The N-methyl-d-aspartate (NMDA) receptor is a glutamate-activated cation channel that is critical to many processes in the brain. Genome-wide association studies suggest that glutamatergic neurotransmission and NMDA receptor-mediated synaptic plasticity are important for body weight homeostasis¹. Here we report the engineering and preclinical development of a bimodal molecule that integrates NMDA receptor antagonism with glucagon-like peptide-1 (GLP-1) receptor agonism to effectively reverse obesity, hyperglycaemia and dyslipidaemia in rodent models of metabolic disease. GLP-1-directed delivery of the NMDA receptor antagonist MK-801 affects neuroplasticity in the hypothalamus and brainstem. Importantly, targeting of MK-801 to GLP-1 receptor-expressing brain regions circumvents adverse physiological and behavioural effects associated with MK-801 monotherapy. In summary, our approach demonstrates the feasibility of using peptide-mediated targeting to achieve cell-specific ionotropic receptor modulation and highlights the therapeutic potential of unimolecular mixed GLP-1 receptor agonism and NMDA receptor antagonism for safe and effective obesity treatment.

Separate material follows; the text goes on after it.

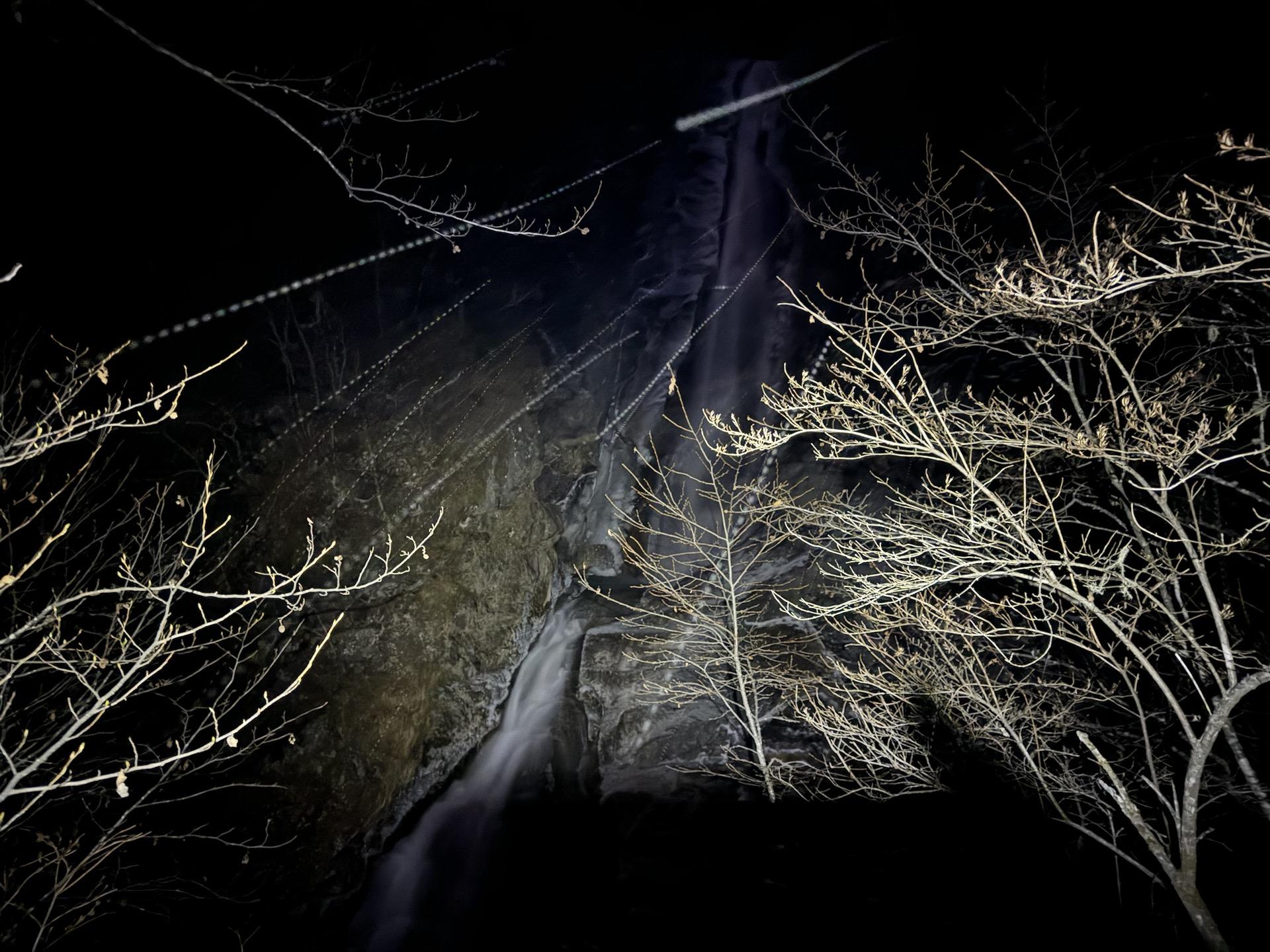 蔵にあった大型の青磁桐鳳凰文水盤 蔵にあった大型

N-甲基-d-天冬氨酸(NMDA)受体是一种谷氨酸激活的阳离子通道，对大脑中的许多过程至关重要。全基因组关联研究表明，谷氨酸能神经传递和 NMDA 受体介导的突触可塑性对于体重稳态很重要¹。在这里，我们报告了一种双峰分子的工程和临床前开发，该分子将 NMDA 受体拮抗作用与胰高血糖素样肽 1 (GLP-1) 受体激动作用相结合，以有效逆转代谢疾病啮齿动物模型中的肥胖、高血糖和血脂异常。 GLP-1 定向递送 NMDA 受体拮抗剂 MK-801 影响下丘脑和脑干的神经可塑性。重要的是，MK-801 靶向表达 GLP-1 受体的大脑区域可以避免与 MK-801 单一疗法相关的不良生理和行为影响。总之，我们的方法证明了使用肽介导的靶向来实现细胞特异性离子型受体调节的可行性，并强调了单分子混合 GLP-1 受体激动剂和 NMDA 受体拮抗剂在安全有效的肥胖治疗中的治疗潜力。